Extract only the lines from the start of the entries below to the line with "4-dijelni set sofa", inclusive; omit every picture.

# # # # #

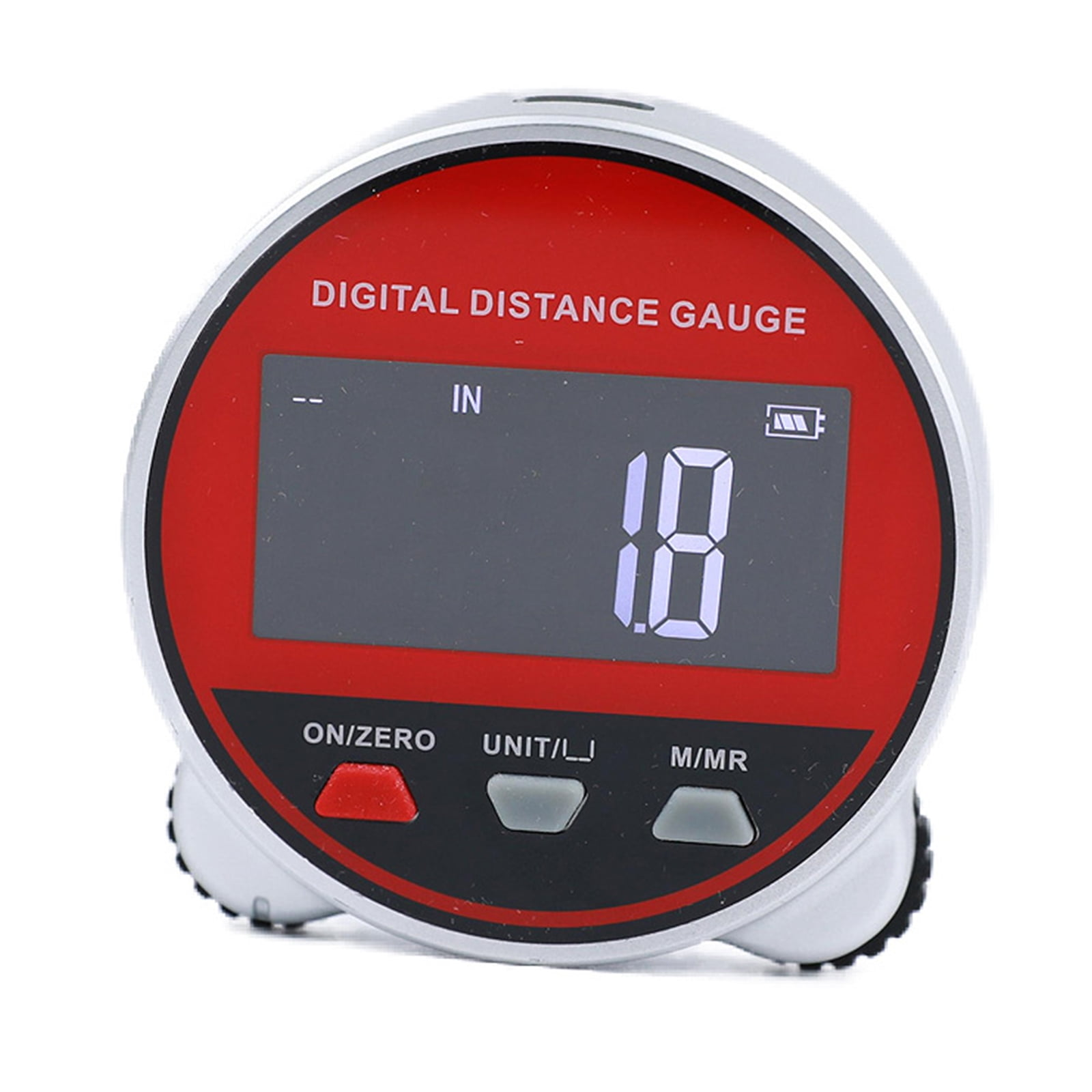 Digitaler Distanzmesser mit rotem Display und Batterieanzeige.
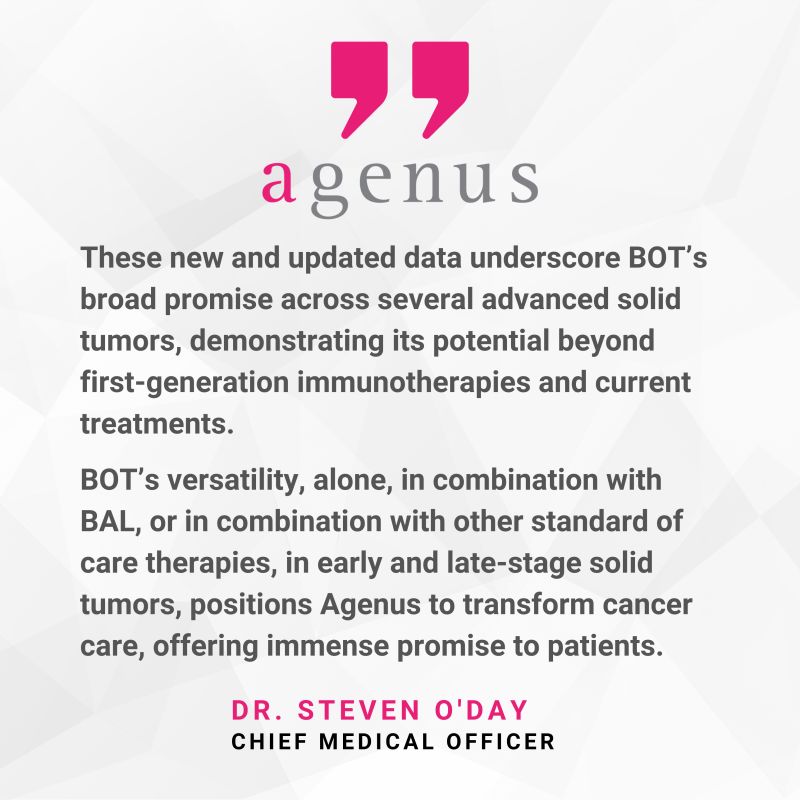 Agenus is proud to unveil the latest research from our investigational botensilimab programs - Agenus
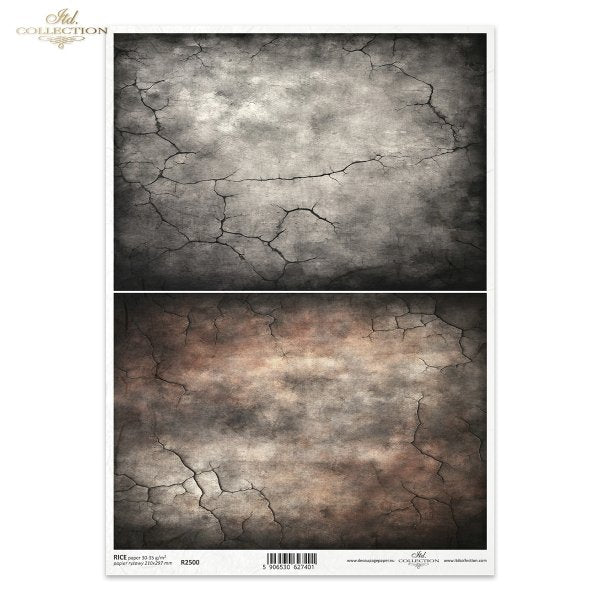 ITD Collection, Rice Paper, Decoupage, Colorful, Backgrounds, Wallpaper, Gray, Black, Brown, Squares, R2500, A4, 8.27x11.7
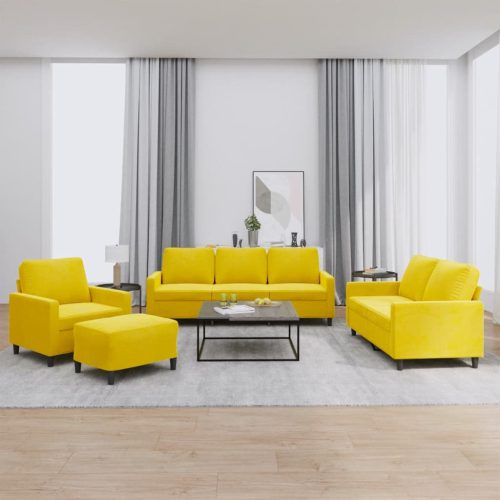 4-dijelni set sofa s jastucima žuti baršunasti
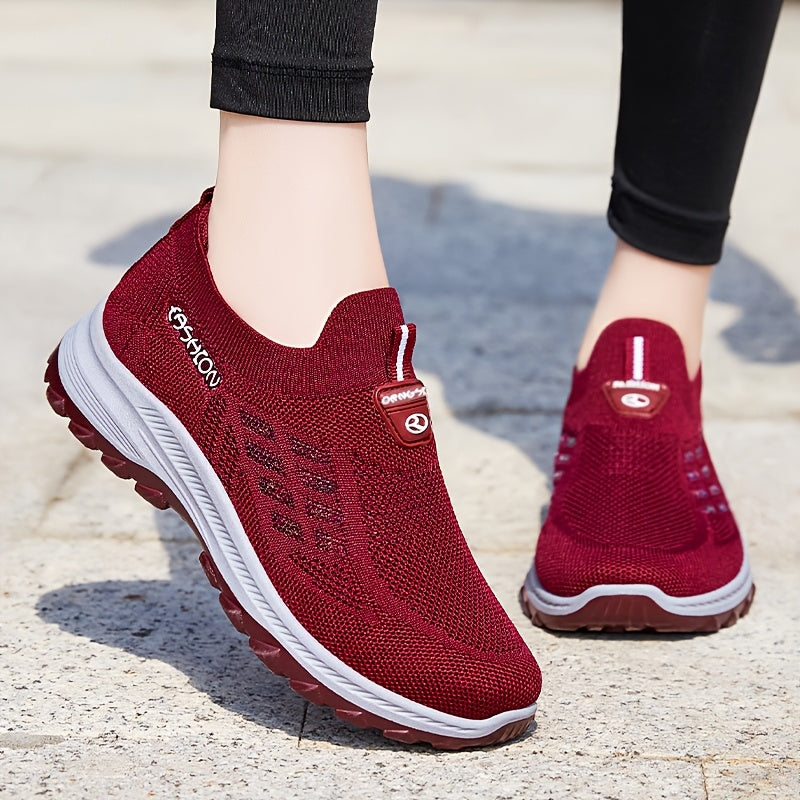 Women's Knit Casual Sneakers Breathable Mesh Slip-On Walking Shoes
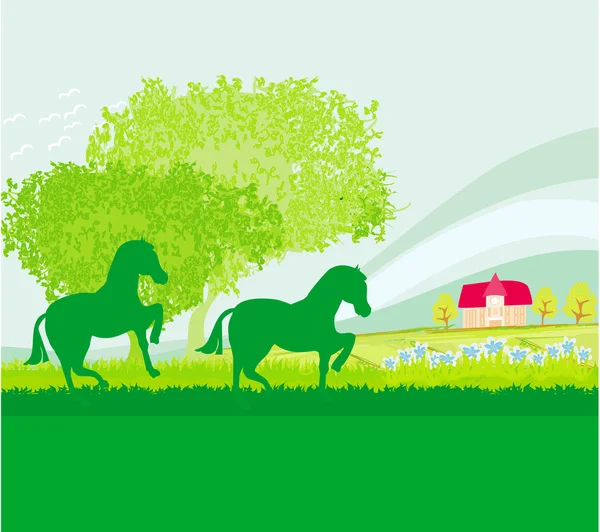 Caballos en vector de campo — Vector de stock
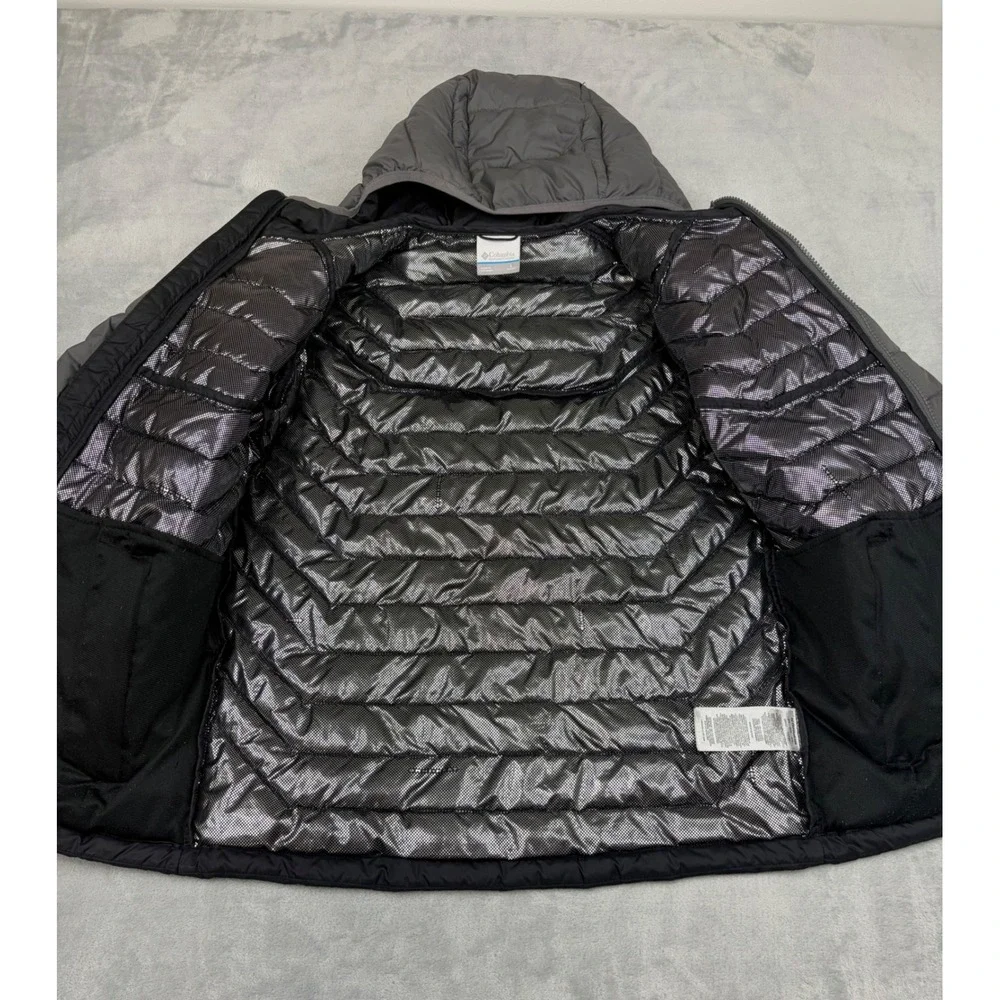 Columbia Kids Puffer Jacket OmniHeat  Large 14/16 Black Grey Hooded Quilted Coat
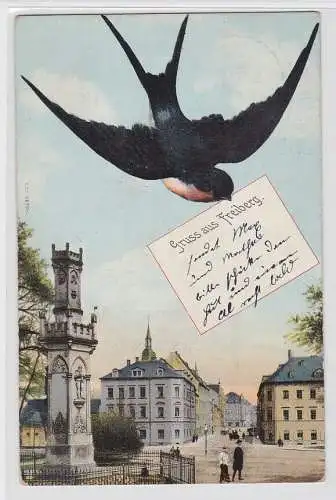 93008 AK Gruss aus Freiberg - Ortsansicht mit Schwalbennachricht 1909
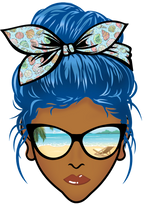 (309-05-2) African American Messy Bun Mom Beach Reflection Sunglasses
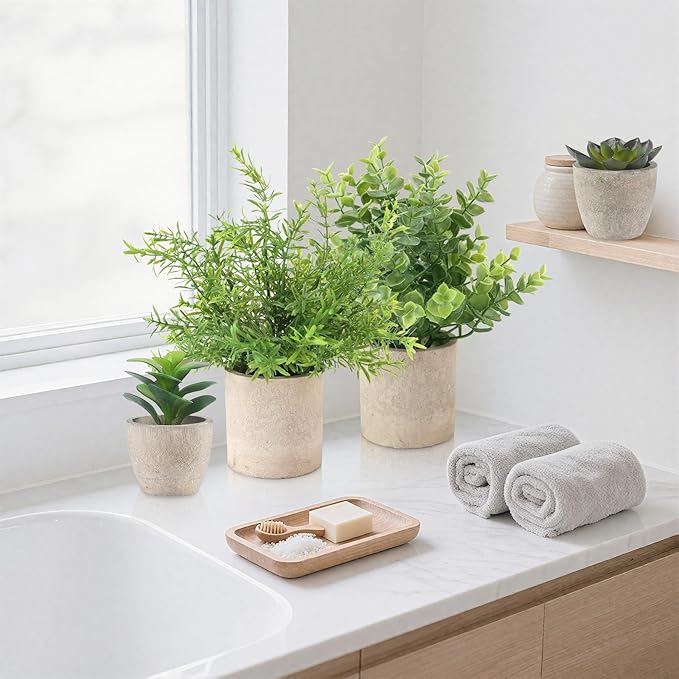 ALAGIRLS 4 Pack Small Fake Plants, 10" Artificial Plants Indoor Eucalyptus/Rosemary/Succulents, Small Faux Plants in Pulp Pot for Bathroom Bedroom Kitchen Office Living Room Decor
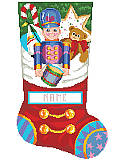Toy Soldier Stocking - PDF: This stocking looks like it is already full of toys and goodies including the decorated Gingerbread Cookie, Candy Cane, Sail Boat, Teddy Bear and the Toy Soldier with his drum hanging over the edge of what looks like the top of the stocking, but don't worry, there is plenty of room to fill the real stocking with all kinds of treats. Includes great finishing instructions. 
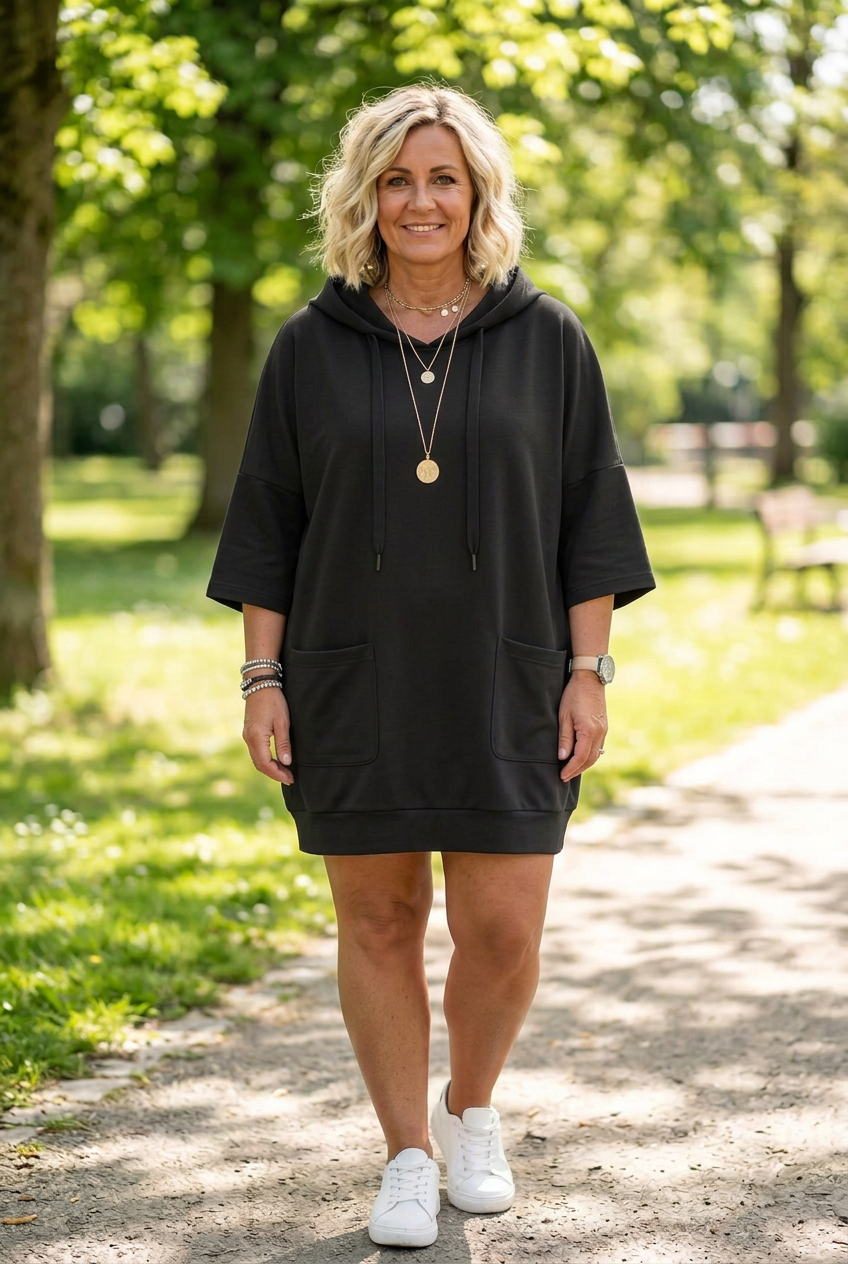 Stretchy Drawstring Hoodie Dress with Pockets, S to XXL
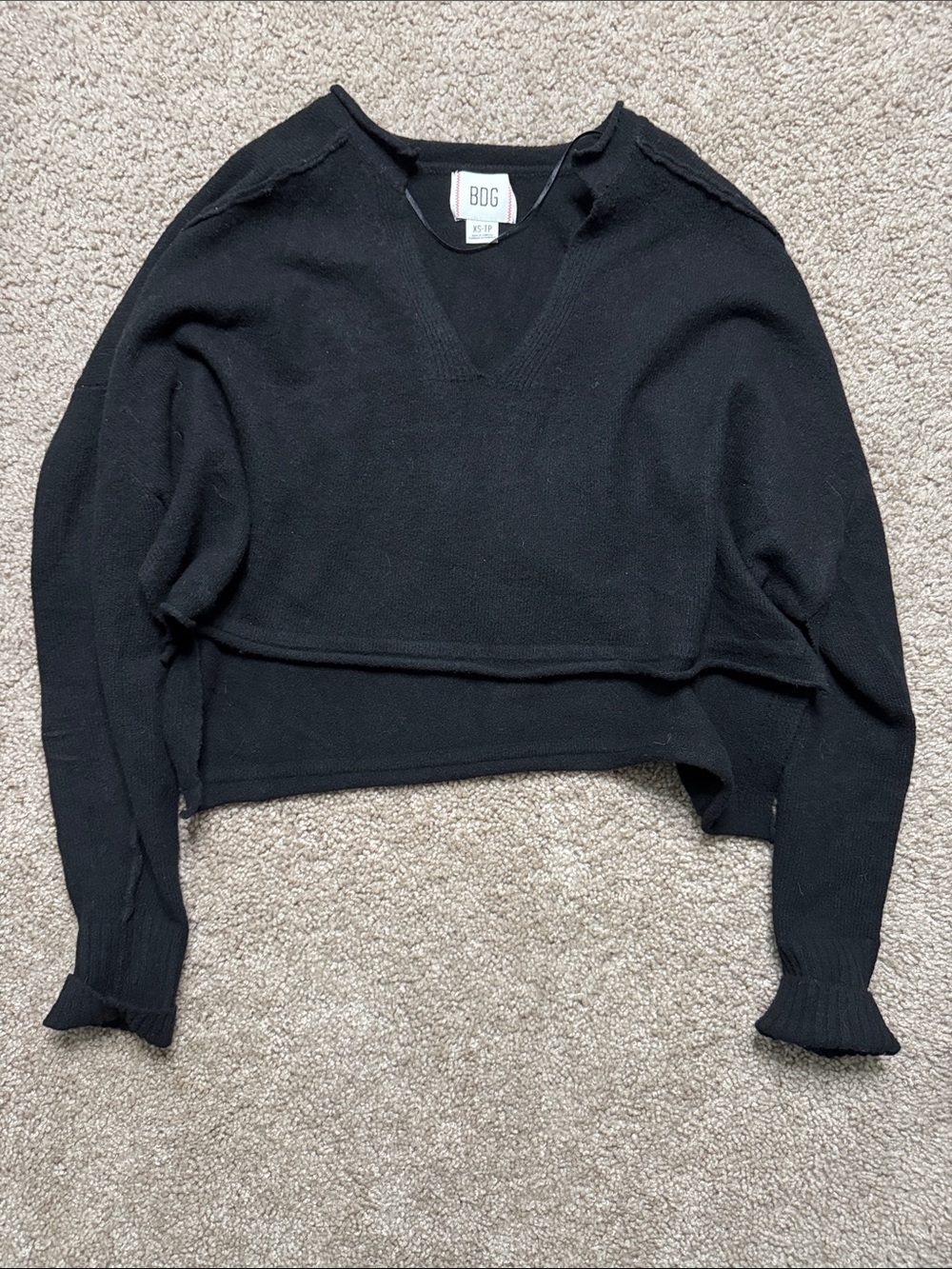 BDG Black Cropped V-Neck Sweater
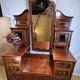 Console d'entrée/coiffeuse vintage édouardienne incrustée – 1900-1910
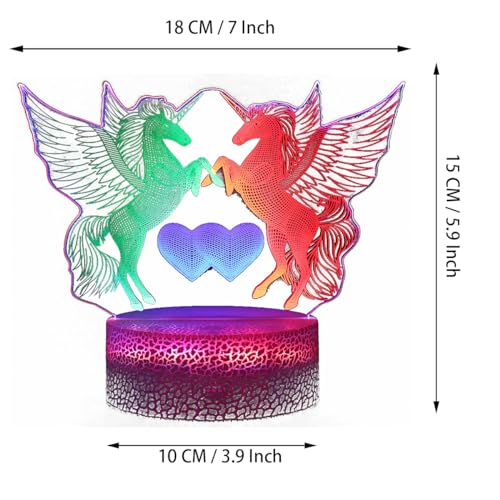 Lámpara de noche unicornio 3D con control remoto LED miniatura 5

# # # # #

◆ Solution
 Digitaler Distanzmesser mit rotem Display und Batterieanzeige.
 Agenus is proud to unveil the latest research from our investigational botensilimab programs - Agenus
 ITD Collection, Rice Paper, Decoupage, Colorful, Backgrounds, Wallpaper, Gray, Black, Brown, Squares, R2500, A4, 8.27x11.7
 4-dijelni set sofa s jastucima žuti baršunasti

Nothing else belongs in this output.